RECORDS SUPPLIED
* * * *
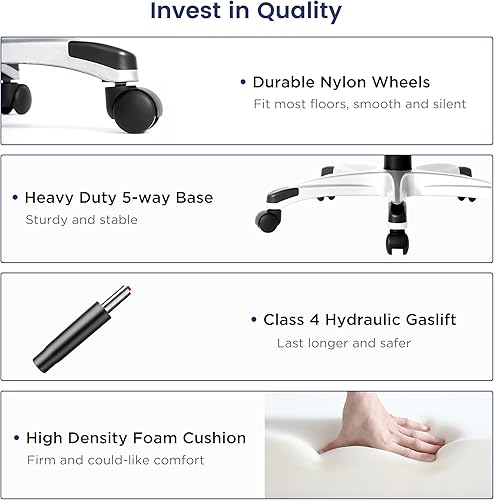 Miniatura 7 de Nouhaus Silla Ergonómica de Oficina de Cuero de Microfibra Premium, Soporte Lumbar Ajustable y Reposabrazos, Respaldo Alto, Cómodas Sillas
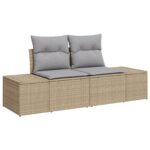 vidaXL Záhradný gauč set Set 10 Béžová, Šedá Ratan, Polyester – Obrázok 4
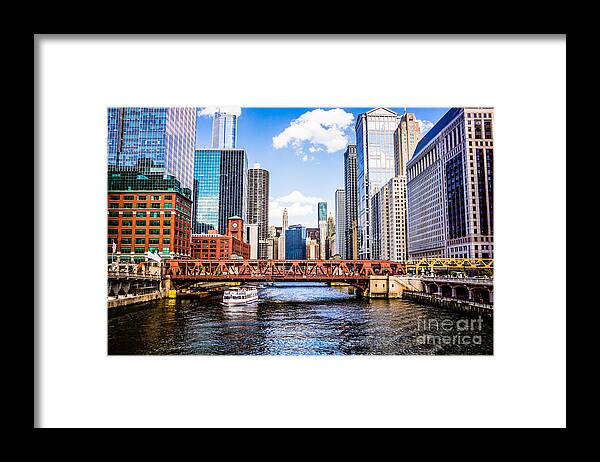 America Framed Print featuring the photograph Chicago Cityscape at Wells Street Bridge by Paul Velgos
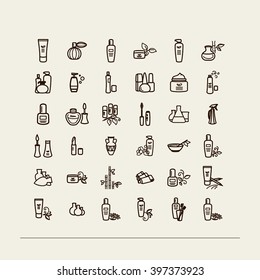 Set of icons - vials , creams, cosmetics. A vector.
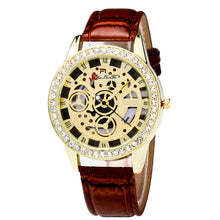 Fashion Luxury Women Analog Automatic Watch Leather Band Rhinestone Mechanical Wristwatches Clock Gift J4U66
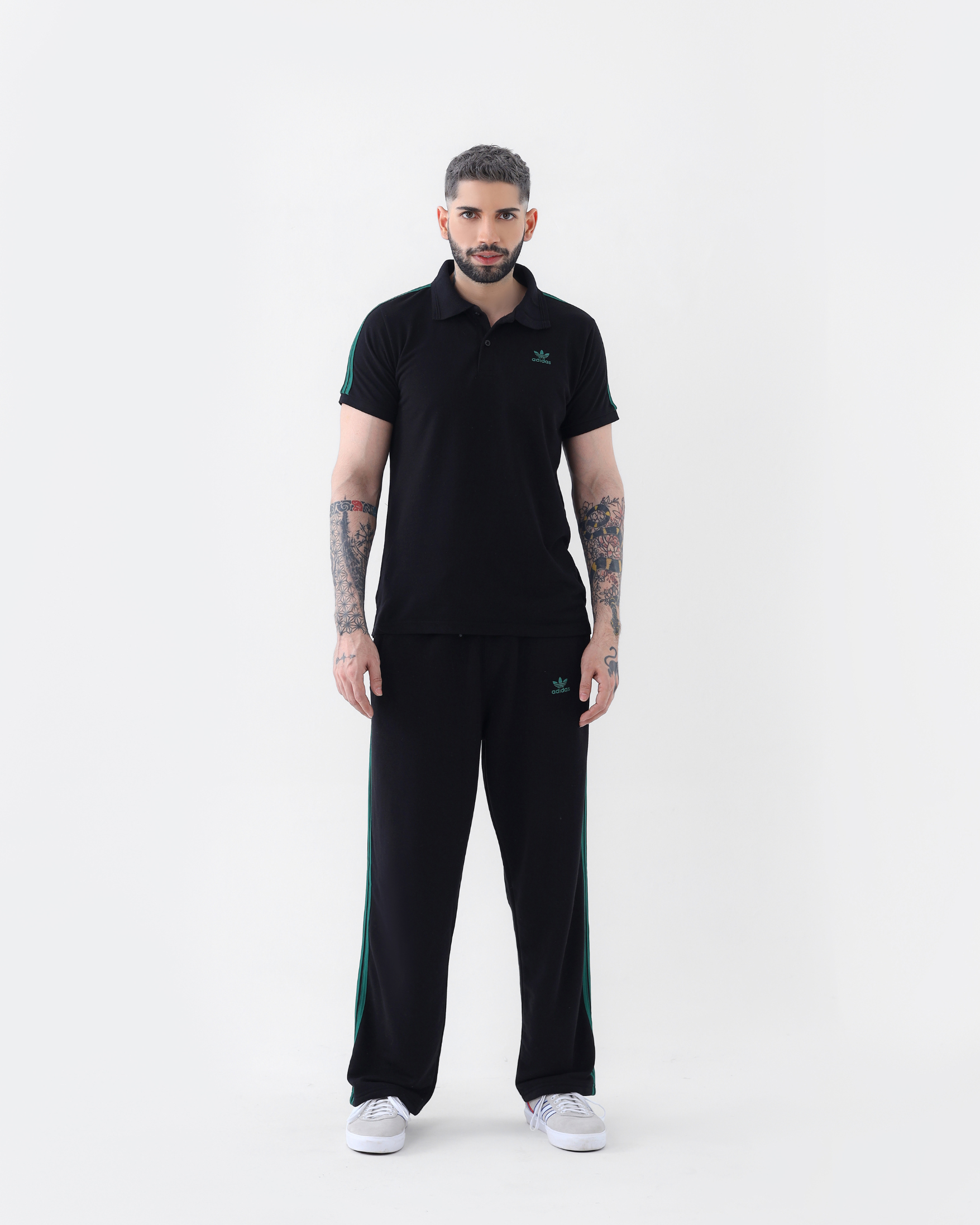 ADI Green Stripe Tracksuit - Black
* * * *
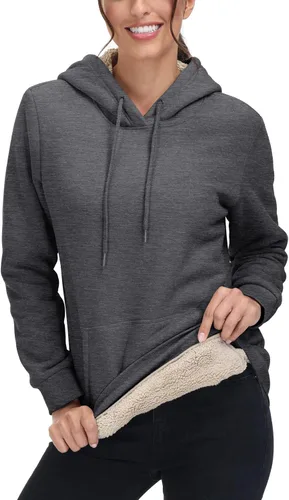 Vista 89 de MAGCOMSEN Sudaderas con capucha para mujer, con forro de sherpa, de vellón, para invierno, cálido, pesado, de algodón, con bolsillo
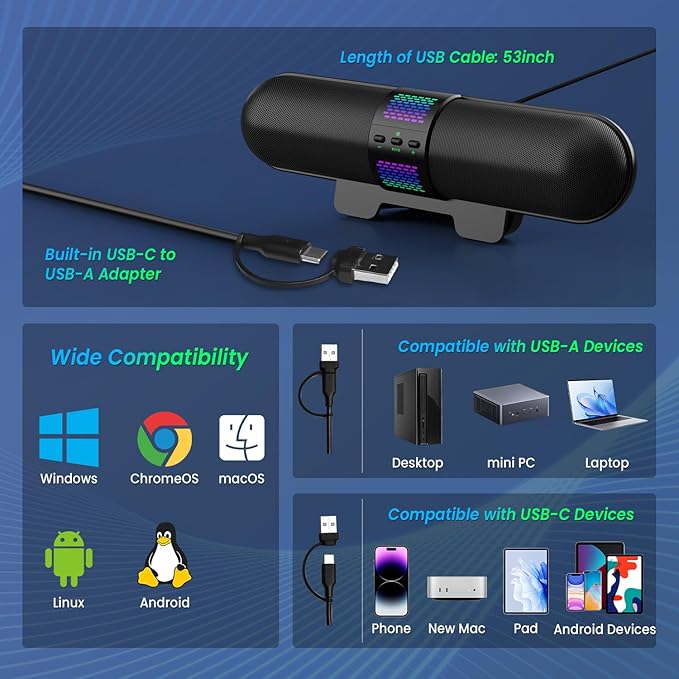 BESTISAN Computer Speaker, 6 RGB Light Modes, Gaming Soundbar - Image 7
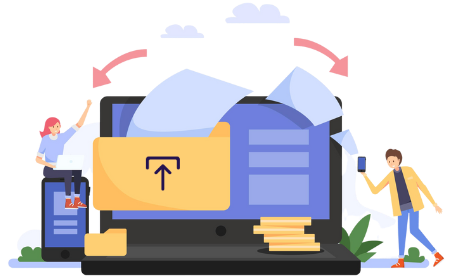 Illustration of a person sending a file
* * * *
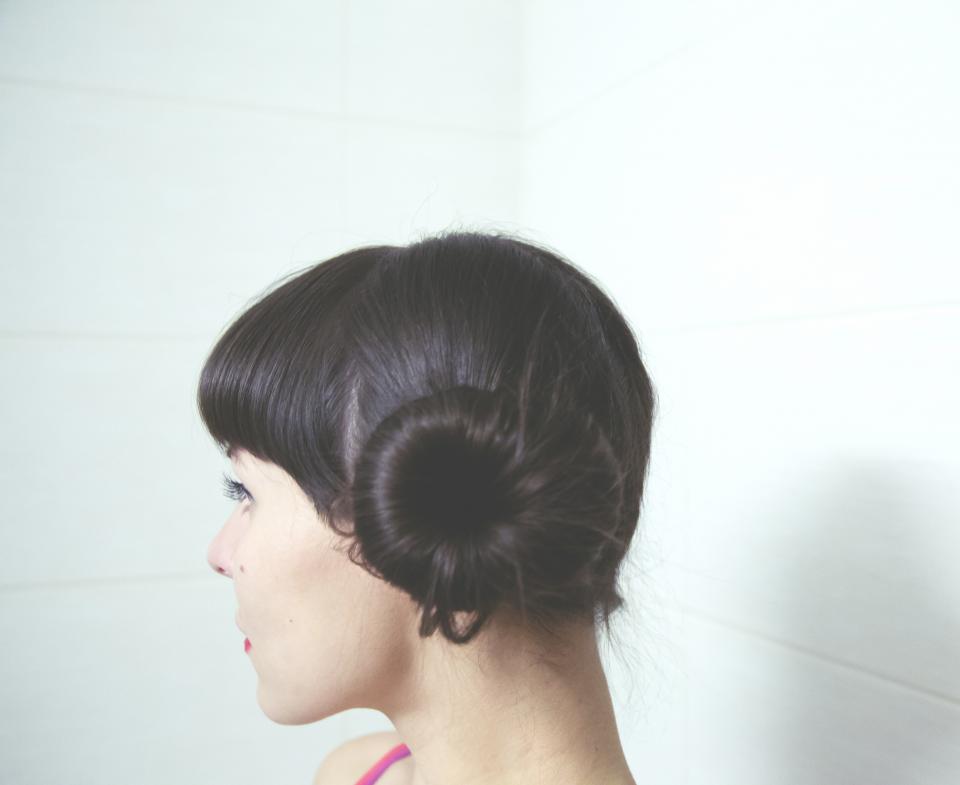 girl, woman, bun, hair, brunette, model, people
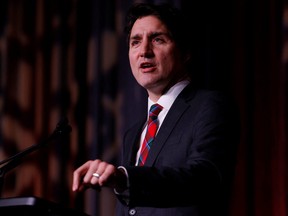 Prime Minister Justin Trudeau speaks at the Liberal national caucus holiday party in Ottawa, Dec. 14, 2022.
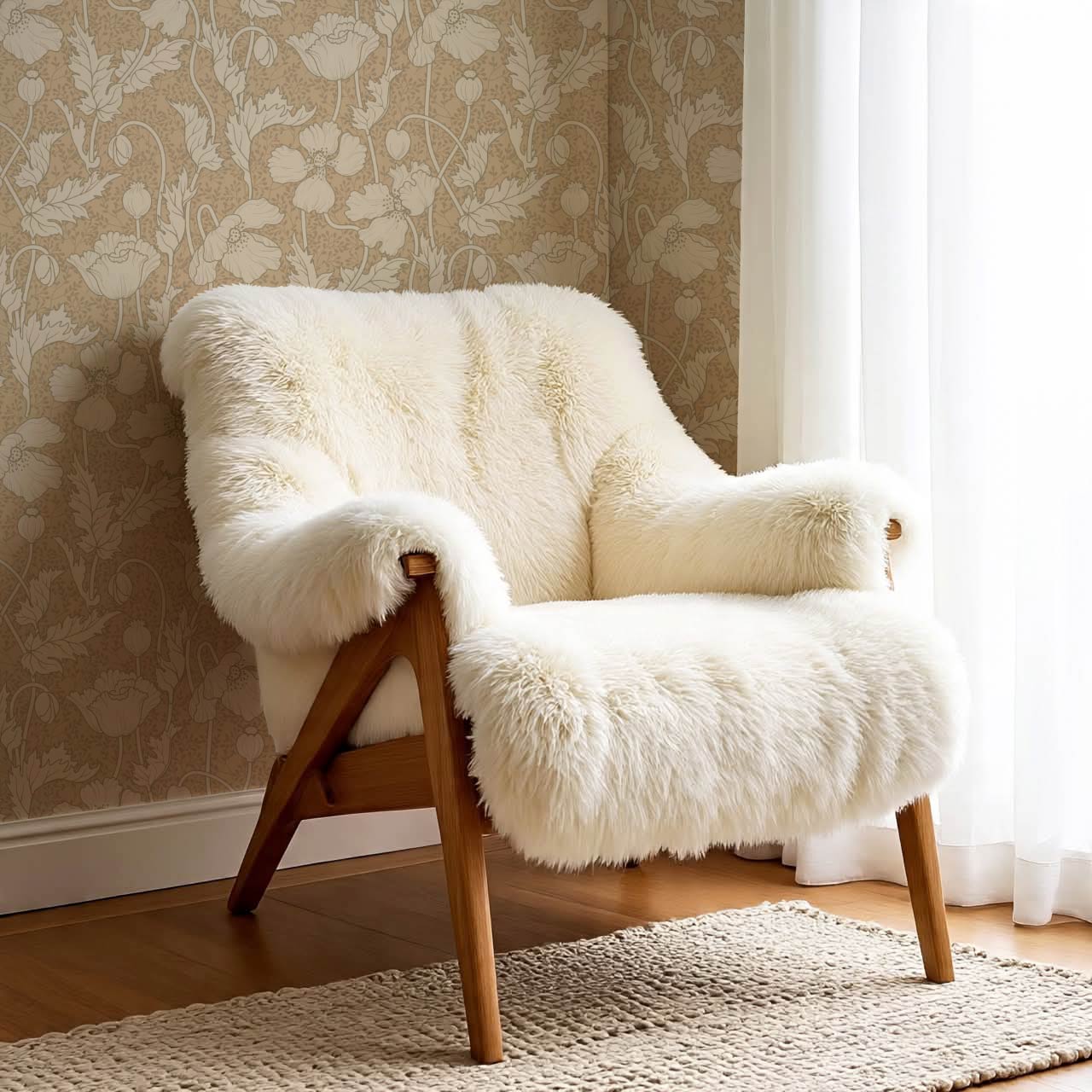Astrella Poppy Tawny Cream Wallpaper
* * * *
WORK REQUIRED
With the pictures removed from your copy, retype the lines above from the one that contains "Prime Minister Justin" through the one that contains "Astrella Poppy Tawny Cream Wallpaper", exactly.

RESULT BELOW
 Prime Minister Justin Trudeau speaks at the Liberal national caucus holiday party in Ottawa, Dec. 14, 2022.
Astrella Poppy Tawny Cream Wallpaper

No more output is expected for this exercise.